[Web page caption snippets]
*****

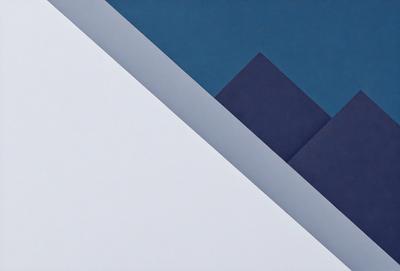 The primary subject of the image is a white wall with a blue triangle on it. The setting is a room with a blue background. The visual style is a combination of digital art and illustration. The dominant colors are white and blue, creating a calm and soothing atmosphere.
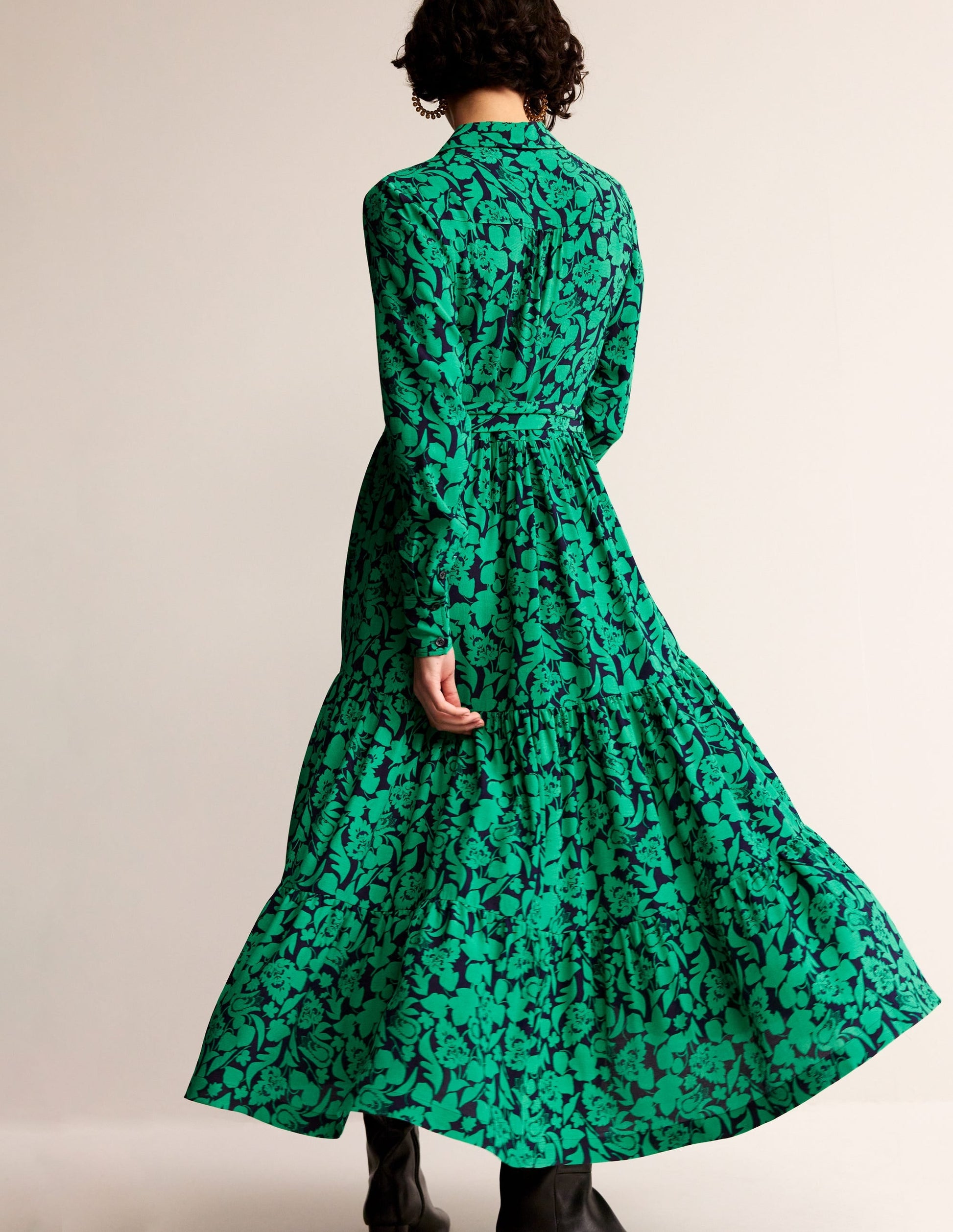 Flo Midi Shirt Dress-Meadow Green, Tulip Bloom-3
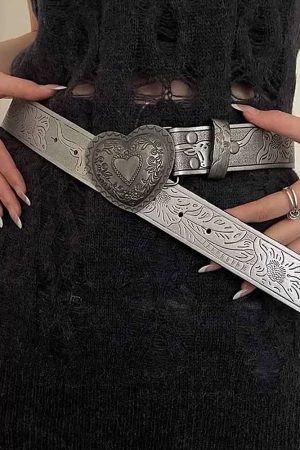 Casual Day Outfits, Easy Trendy Outfits Vintage Aesthetic Heart Buckle Belt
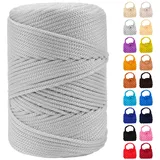 LEREATI Polyester Garn 3mm x 170m, Makramee Garn 3mm Geflochten Makramee Schnur Bunt, Macrame Cord 3mm Farbig für Geschenk, Häkeltasche, Umhängetasche, Platzteller, Wohndekorationen (Hellweiß Grau)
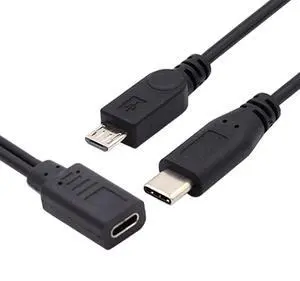 Cable Type-C USB-C Female to USB-C Type C USB 3.1 & Micro USB Male Splitter Extension Charge Cable Cable Type-C USB-C Female to USB-C Type C USB 3.1 & Micro USB Male Splitter Extension Charge Cable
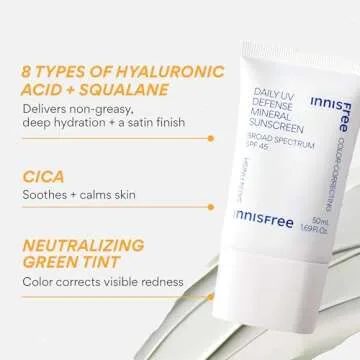 innisfree Daily UV Defense Mineral Sunscreen Broad Spectrum SPF 45 with Hyaluronic Acid, Korean Sunscreen for Face with Color Correcting Green Tint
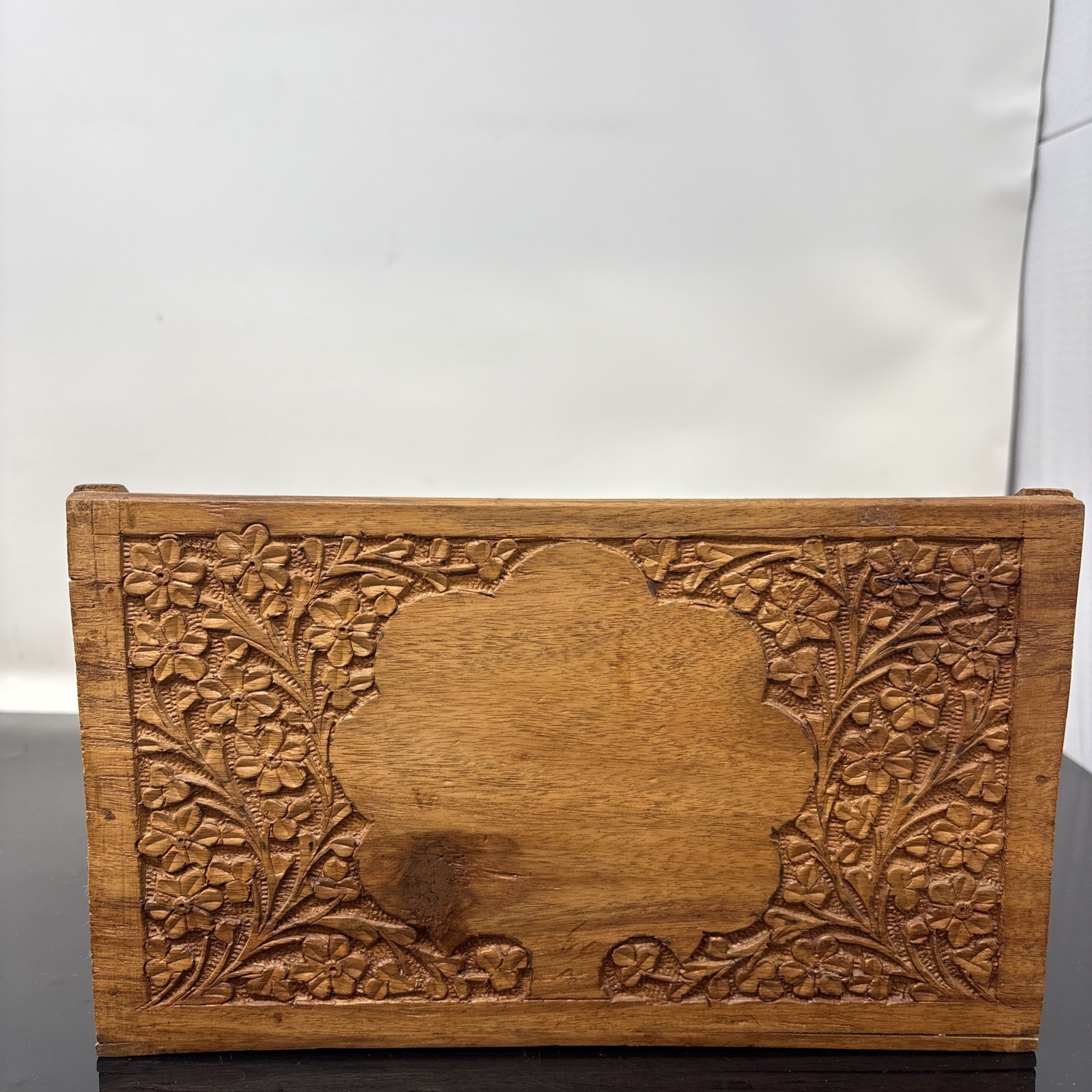 Unbranded Brown Carved Floral Wood Desk Organizer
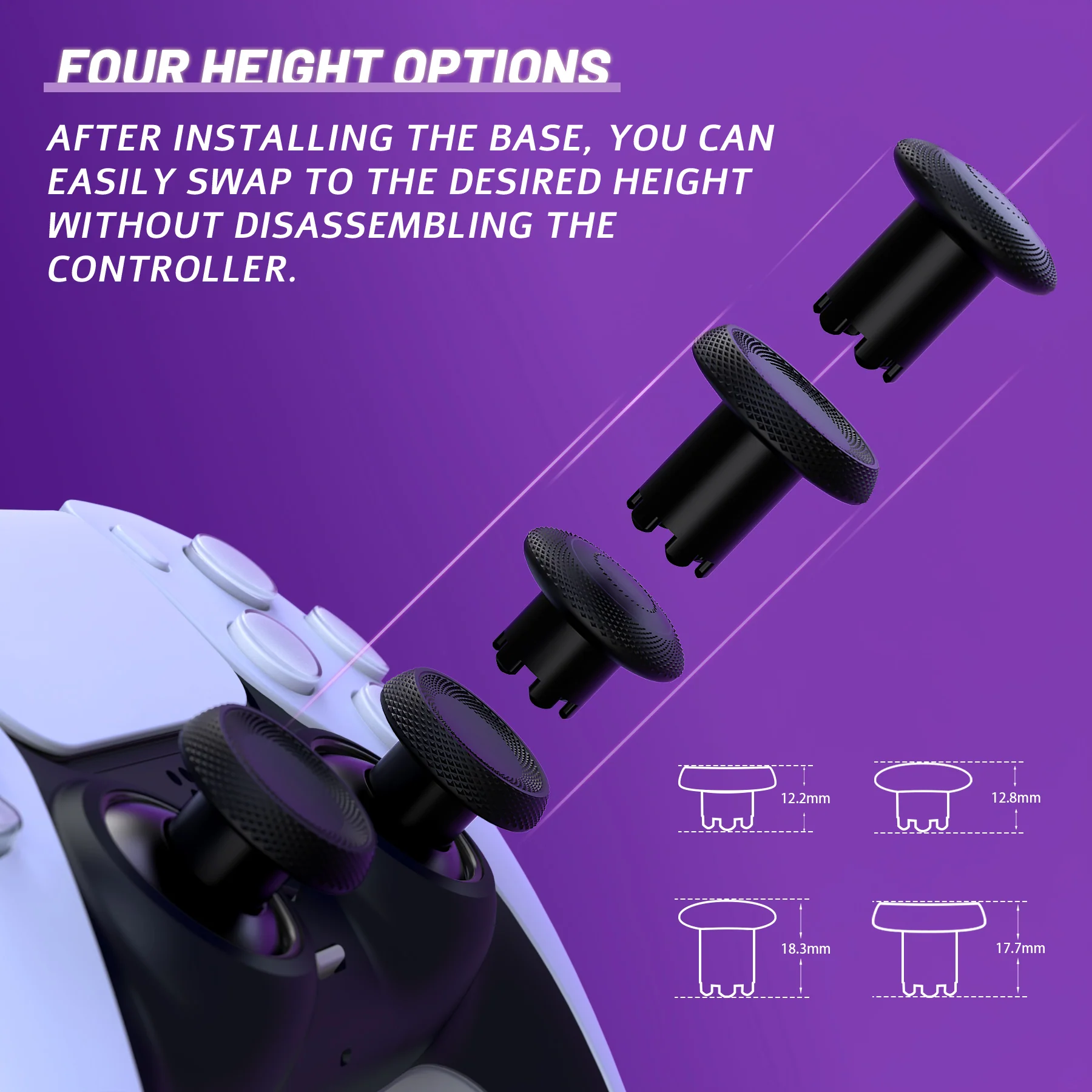 eXtremeRate ThumbsGear V3 Interchangeable Ergonomic Thumbstick for PS5 & PS4 Controller - Black - Image 3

*****

### PROBLEM DESCRIPTION
I need the lines from the one containing "innisfree Daily UV" through the end of the records retyped exactly, with the pictures left out.

### RESULT OF THIS TASK
 innisfree Daily UV Defense Mineral Sunscreen Broad Spectrum SPF 45 with Hyaluronic Acid, Korean Sunscreen for Face with Color Correcting Green Tint
 Unbranded Brown Carved Floral Wood Desk Organizer
 eXtremeRate ThumbsGear V3 Interchangeable Ergonomic Thumbstick for PS5 & PS4 Controller - Black - Image 3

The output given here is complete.